| Your instructions |
A faithful, complete copy of the entries below is required, with images removed.

☆ ☆ ☆ ☆

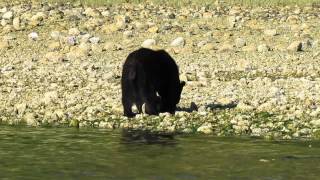 preview picture of video 'Black Bear in the Clayoquot Sound with Tofino Whale Centre Part 2'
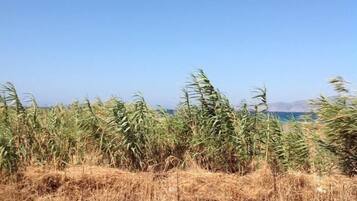 A rural landscape with a clear blue sky, a field of tall grass, and a brown bird on the ground.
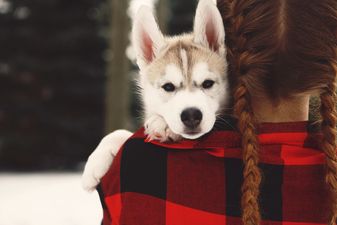 The ISPCA shares advice about keeping your animals safe during the storm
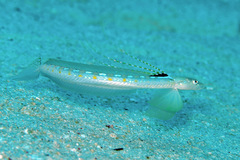 Trichonotus elegans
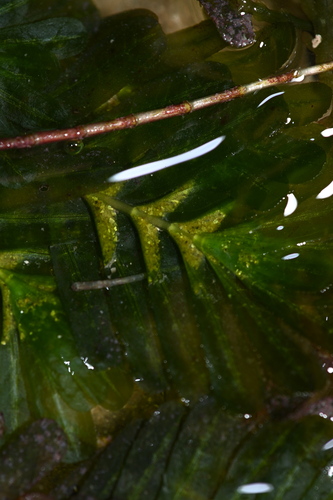 Halophila spinulosa observed 2026-09-30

☆ ☆ ☆ ☆

| Output for this exercise |
 preview picture of video 'Black Bear in the Clayoquot Sound with Tofino Whale Centre Part 2'
 A rural landscape with a clear blue sky, a field of tall grass, and a brown bird on the ground.
 The ISPCA shares advice about keeping your animals safe during the storm
 Trichonotus elegans
 Halophila spinulosa observed 2026-09-30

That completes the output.